今年のラウンド1にはすでに準優勝の経験があるたくろう、昨年「M-1グランプリ」準決勝進出のハイツ友の会、劇場番長であるバッテリィズらが出場。各々が“らしい”漫才で評価を得ていく中、異彩を放っていのがぐろうだ。

漫才のテーマに選んだのは、一言で言えば「高級時計は特殊詐欺」というもの。「高級時計を買うのが夢」と話す高松巧に対して、家村涼太が「時間というのは大昔の人が決めたよくわからない概念。これを現代人が腕に巻いているということは、時空間を利用した特殊詐欺だ」と説いていく。

彼らが行うのは、いわゆる漫才コント(漫才中に設定コントに入る)ではなく、しゃべくりの漫才。しかし、ツッコミの高松が言葉を挟むターンは少なく、家村がまくしたてるように高級時計の無価値さを説明していく。屁理屈で素っ頓狂なことを言っているようにも感じる一方で、「確かに」とも思わされる説得力が家村の言葉にはあり、意味の分からない論理の強さはかまいたちの山内健司が漫才で見せるものとも通ずる部分がある。

2位で通過したハイツ友の会が共感と偏見を武器にした漫才であるならば、ぐろうはそこに独自の理論という分野をさらに加えたと言えるだろうか。全く新しいジャンルではないかもしれないが、ぐろうがひとつのスタイルを確立したことは間違いない。審査員である兵動大樹(矢野・兵動)も「着眼点がすごかった」と舌を巻いた。

パンクブーブーの佐藤哲夫からは高松に対して「強いツッコミがあれば」と課題も指摘したが、ぐろうの場合必要以上に家村の勢いを止めないのも魅力のように感じる。この助言を受け、ぐろうの漫才がどのような形に進んでいくかにも注目したいところ。

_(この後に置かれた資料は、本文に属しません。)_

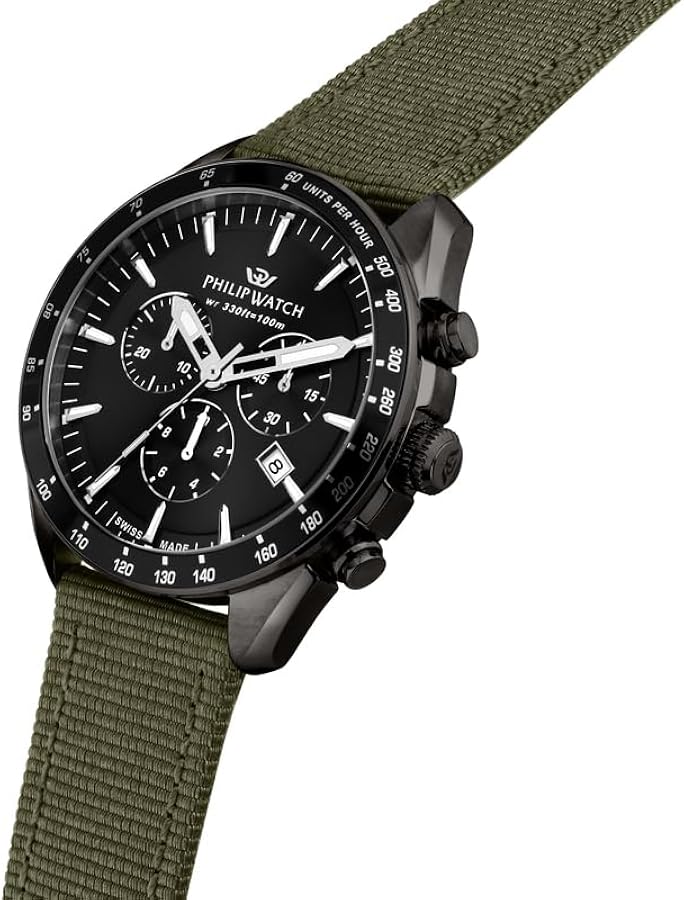 Philip Watch Blaze R8271995026 cronografo uomo 42 mm con quadrante nero, cassa con finitura nera e cinturino in tessuto verde.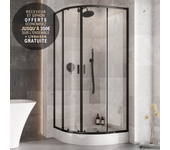 Cabina de ducha 80x80cm negro semicircular zarya black - con plato blanco alex y sifón free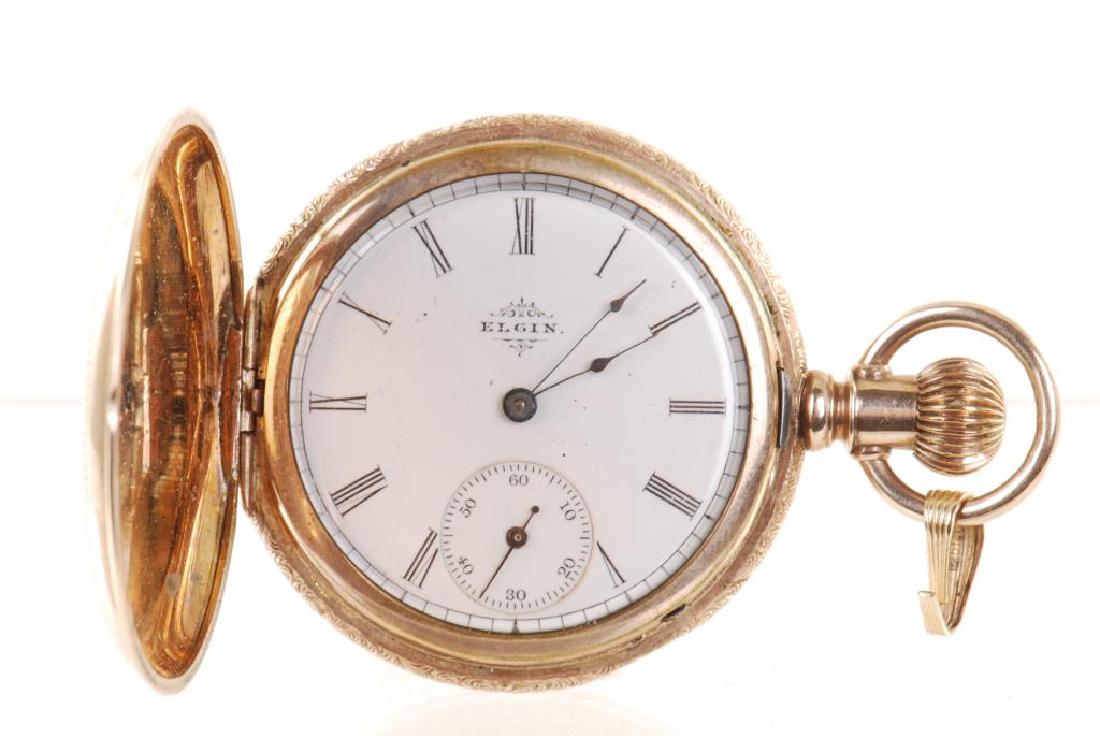 ELGIN NAT. WATCH CO. DOUBLE HUNTER POCKET WATCH: Case purportedly engraved with Masonic imagery. Movement includes second hand. 1 1/4 inch dial. #58889
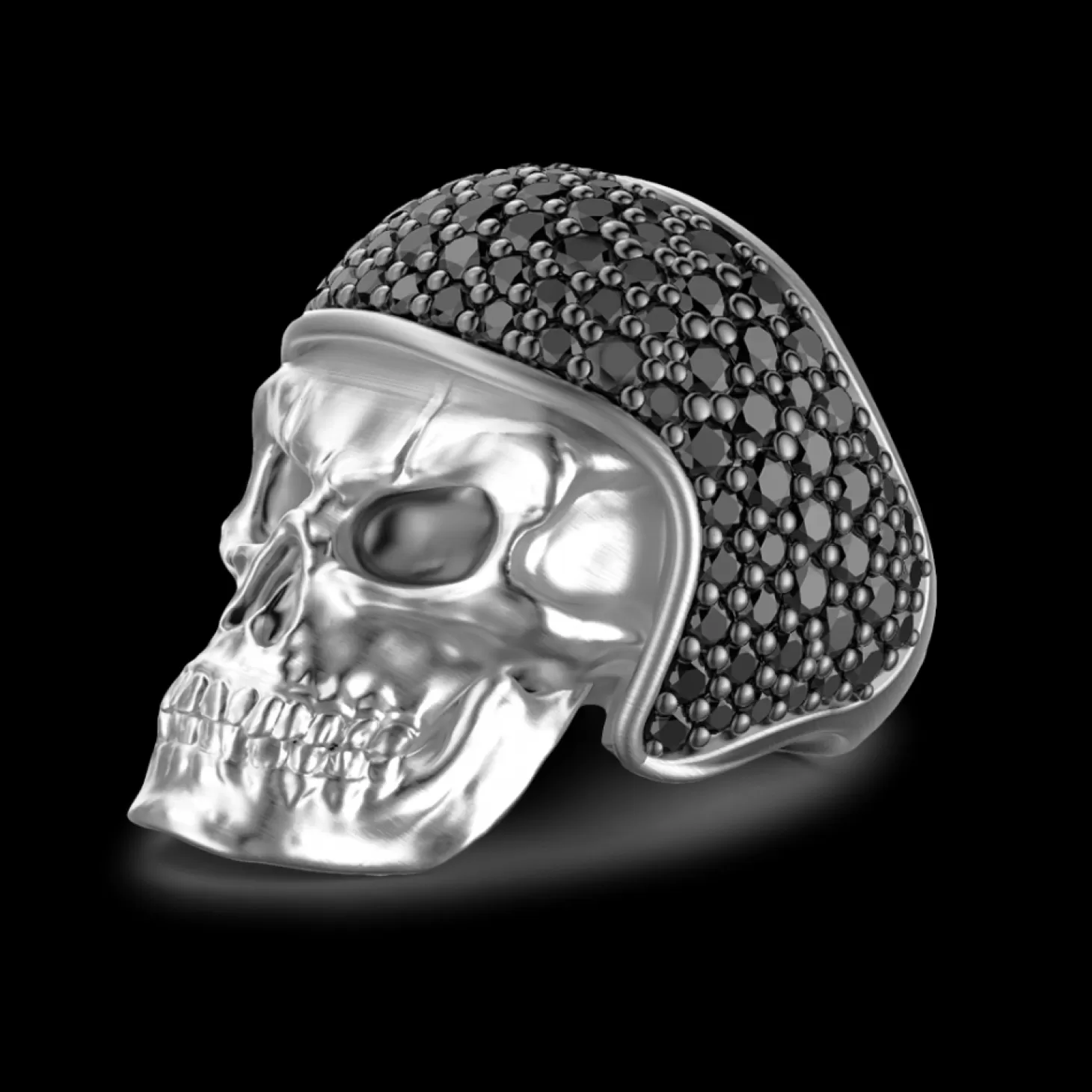 Zancan Gioielli Anello Zancan In Argento A Teschio Biker Con Pietre Nere.> Anelli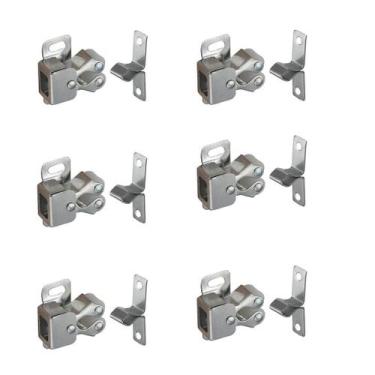 Imagem de 6 Fecho Rolete Trinco em Aço Porta Móveis Acabamento Zincado - Desicon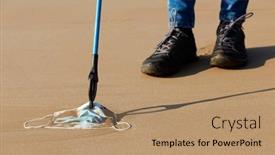  Presentation with surgical - PPT theme featuring closeup-of-someone-using background and a coral colored foreground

今年のM-1グランプリでも1回戦ながら、その日の1位通過に選ばれており、年末に控える大舞台でもダークホース的な存在となるかもしれない。

なお、「ytv漫才新人賞決定戦」ラウンド1の放送はTVerでも配信しており、お笑いの新たな潮流を感じてみたい方は見てみてはいかがだろうか。